Cross post from ADL blog
This post is based on learnings from numerous HDInsight HBase customer interactions.
HBase is a fantastic high end NoSql BigData machine that gives you many options to get great performance, there are no shortage of levers that you can't tweak to further optimize it. Below is the general list of impact-full considerations for great HBase performance in HDInsight
1. Pick appropriate VM's.
There is nothing worse then an under powered HBase so picking up appropriate sized VM's are critical for good performance , however one of the confusion is weather one should pick fewer larger VM's or more smaller VM's for region nodes?
In HDInsight HBase - default setting is to have single WAL (Write Ahead Log) per region server , with more WAL's you will have better performance from underline Azure storage. In our experience we have seen more number of region server's will almost always give you better write performance (as much as twice) .
In other words , if total region cores number is 16 , it will good to have 4 D3V2 (4 cores) machines then 2 D4V2 (8 cores)
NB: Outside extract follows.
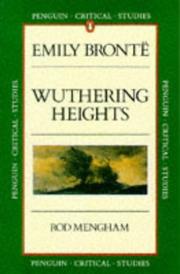 Cover of: Emily Brontë, Wuthering Heights by Rod Mengham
Ambari is the most heavy application that runs on headnode in HDInsight HBase. Usually smaller default headnodes are good for many applications, however if you have a cluster that is bigger then 8 nodes , pick a good D series VM (D3V2 or D4V2)
Region Server Nodes
D1-5 v2 instances are the latest generation of General Purpose Instances. D1-5 v2 instances are based on the 2.4 GHz Intel Xeon® E5-2673 v3 (Haswell) processor, and can achieve 3.1 GHz with Intel Turbo Boost Technology 2.0. D1-5 v2 instances offer a powerful combination of CPU, memory and local disk. For HBase - We recommend picking up D3v2 to D5V2 for decent size workloads
For higher performance you could pick between D13-15 v2 which will give you great HBase performance for more demanding workloads
.D15 v2 instance is isolated to hardware dedicated to a single customer.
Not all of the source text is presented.